In the material below, find each line with the word "gray" and list it.

========================================================================

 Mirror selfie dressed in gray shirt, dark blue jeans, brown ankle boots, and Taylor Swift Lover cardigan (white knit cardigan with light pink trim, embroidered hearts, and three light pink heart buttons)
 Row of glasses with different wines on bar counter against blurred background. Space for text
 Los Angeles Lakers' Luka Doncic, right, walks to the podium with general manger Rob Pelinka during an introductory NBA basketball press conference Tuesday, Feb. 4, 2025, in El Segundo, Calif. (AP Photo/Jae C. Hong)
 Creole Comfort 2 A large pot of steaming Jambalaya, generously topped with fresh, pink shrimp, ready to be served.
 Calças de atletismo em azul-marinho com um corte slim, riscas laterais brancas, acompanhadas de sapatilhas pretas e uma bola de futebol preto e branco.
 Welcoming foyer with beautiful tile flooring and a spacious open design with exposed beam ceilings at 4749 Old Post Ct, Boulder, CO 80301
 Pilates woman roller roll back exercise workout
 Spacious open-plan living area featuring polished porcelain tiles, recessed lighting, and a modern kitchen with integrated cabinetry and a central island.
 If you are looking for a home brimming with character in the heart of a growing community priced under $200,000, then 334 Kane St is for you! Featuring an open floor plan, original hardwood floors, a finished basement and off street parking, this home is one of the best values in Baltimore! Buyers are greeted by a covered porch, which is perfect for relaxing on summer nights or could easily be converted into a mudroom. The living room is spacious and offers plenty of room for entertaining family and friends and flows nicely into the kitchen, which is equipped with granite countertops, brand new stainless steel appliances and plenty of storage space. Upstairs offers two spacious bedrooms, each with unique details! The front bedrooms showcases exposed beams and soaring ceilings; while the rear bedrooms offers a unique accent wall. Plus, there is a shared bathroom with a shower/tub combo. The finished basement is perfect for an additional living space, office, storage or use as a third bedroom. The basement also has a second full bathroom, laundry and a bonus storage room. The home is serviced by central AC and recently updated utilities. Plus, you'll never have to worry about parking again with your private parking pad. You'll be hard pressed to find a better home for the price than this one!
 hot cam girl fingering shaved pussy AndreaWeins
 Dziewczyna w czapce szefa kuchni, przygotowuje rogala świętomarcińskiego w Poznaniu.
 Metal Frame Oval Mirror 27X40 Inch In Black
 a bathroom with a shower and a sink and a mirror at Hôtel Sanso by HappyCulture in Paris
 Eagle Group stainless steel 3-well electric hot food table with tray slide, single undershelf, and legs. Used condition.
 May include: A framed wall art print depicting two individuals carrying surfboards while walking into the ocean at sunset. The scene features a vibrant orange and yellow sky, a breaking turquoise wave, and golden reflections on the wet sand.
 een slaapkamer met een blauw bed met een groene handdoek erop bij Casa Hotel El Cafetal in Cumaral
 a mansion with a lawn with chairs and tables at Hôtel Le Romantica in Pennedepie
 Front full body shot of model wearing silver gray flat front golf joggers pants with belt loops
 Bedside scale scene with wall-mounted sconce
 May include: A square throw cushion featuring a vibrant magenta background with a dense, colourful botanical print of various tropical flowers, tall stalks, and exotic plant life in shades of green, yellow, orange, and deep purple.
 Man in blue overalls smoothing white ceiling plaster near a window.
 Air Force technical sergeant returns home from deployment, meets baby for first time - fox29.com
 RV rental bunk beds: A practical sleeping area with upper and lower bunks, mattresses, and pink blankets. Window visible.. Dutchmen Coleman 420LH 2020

========================================================================

- [Response to the exercise]
 Mirror selfie dressed in gray shirt, dark blue jeans, brown ankle boots, and Taylor Swift Lover cardigan (white knit cardigan with light pink trim, embroidered hearts, and three light pink heart buttons)
 Front full body shot of model wearing silver gray flat front golf joggers pants with belt loops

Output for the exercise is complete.